De coloração âmbar alaranjada e de alta translucidez, esta dama faz um creme discreto, alvo, que logo se perde no ar.
O aroma em primeiros momentos me pareceu extremamente maltado, trazendo sensações aconchegantes de caramelo e mel. Os lúpulos puxam bastante para a delicadeza, trazendo algo cítrico de laranja e toques florais. Um fundo de legumes refogados é perceptível, mas não chega a comprometer o conjunto. Quando elevada a temperatura, começam a surgir notas de própolis e algo bem sutil toque de guaraná.
Na boca começa doce pela presença do malte e continua em forte união com os toques frutados durante quase todo o gole.
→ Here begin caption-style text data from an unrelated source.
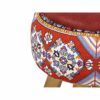 Pouf rond en velours rouge avec pieds en bois inspiré de l'art persan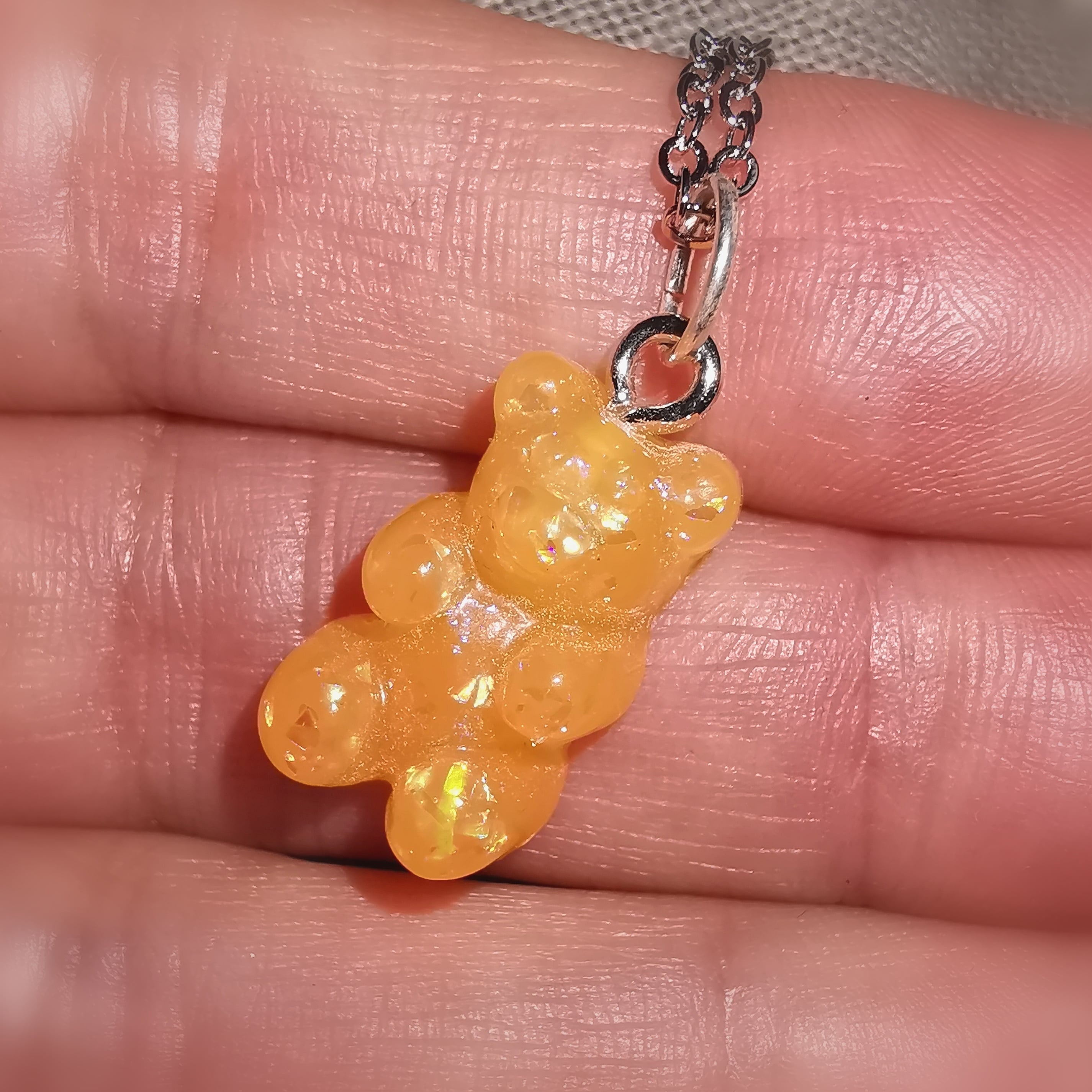 zauberschön: Glückbärchen Freude Bärchen Teddy Krafttier Kette, orange glitzernd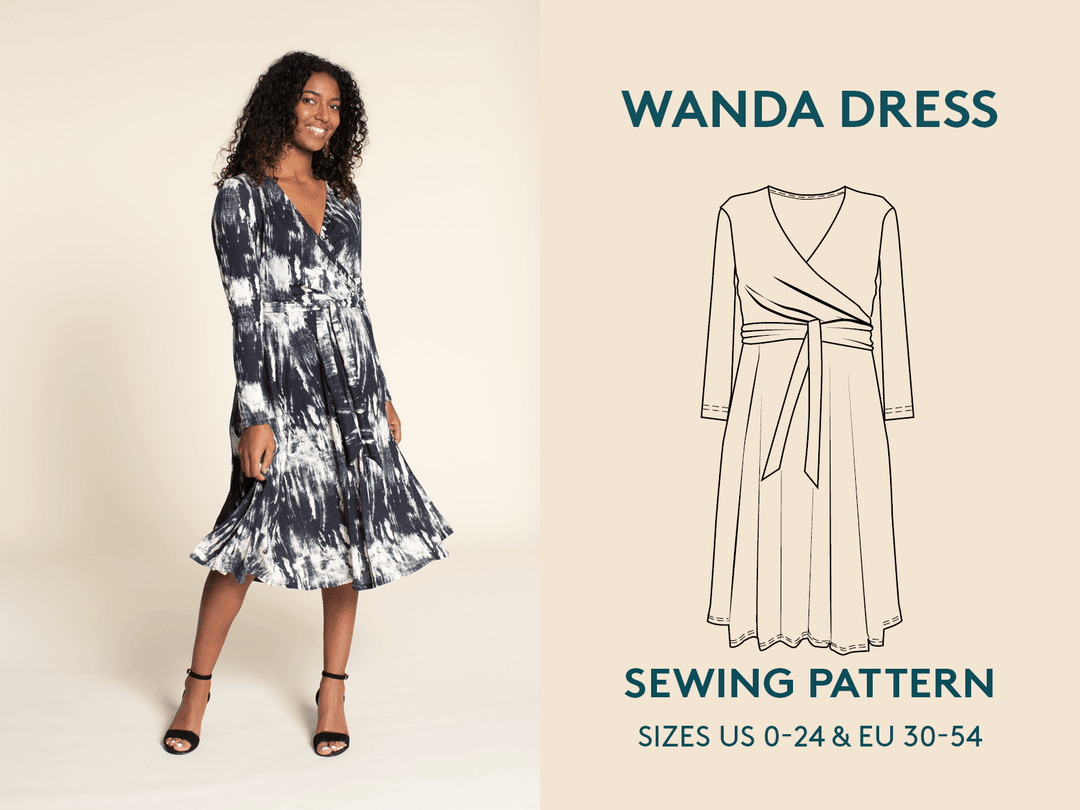 Wanda Wrap Dress Printed pattern -Women's sizes - Wardrobe By Me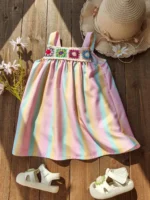⁦Baby Girl Casual Dress 2025 Summer Sweet And Cute Rainbow Striped And Flower Printed Pattern Sleeveless Halter Children's Dress⁩ - الصورة ⁦2⁩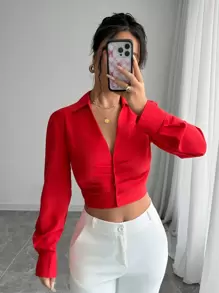 RosyDaze 女士 V 领长袖褶皱商务优雅迷人成熟衬衫新年衣服女士衬衫，长袖上衣 - 紅色 - 查看 3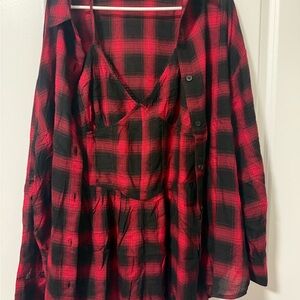Red and Black Plaid Shirt romper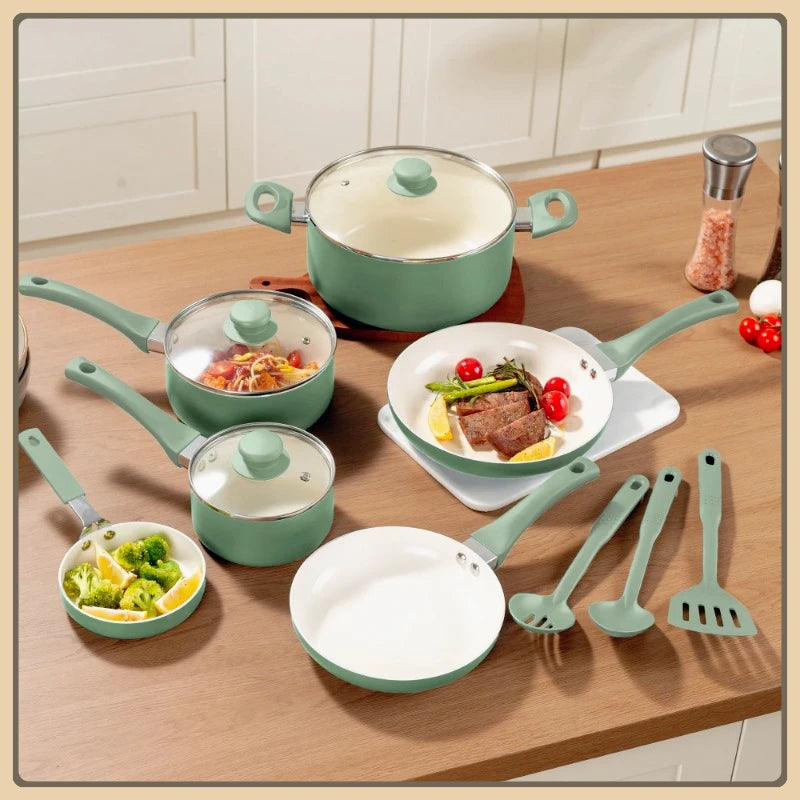 Ceramic Aluminum Nonstick Cookware Set For Everyday Use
Quando achei que faltava amargor para uma IPA, eis que a parece as notas um pouco mais terrosas, conferindo um amargor bem britânico, por assim dizer, bem mais contido do que as IPA que estamos acostumados a pegar por aí ultimamente. Seu corpo é médio, com textura aveludada, média carbonatação e um amargor pouco persistente.
Acredito ser um bom rótulo para iniciar no estilo, já que tem pouca presença de amargor e uma cama de maltes bem intensa, não assustando o iniciante, que não está tão habituado ao amargor.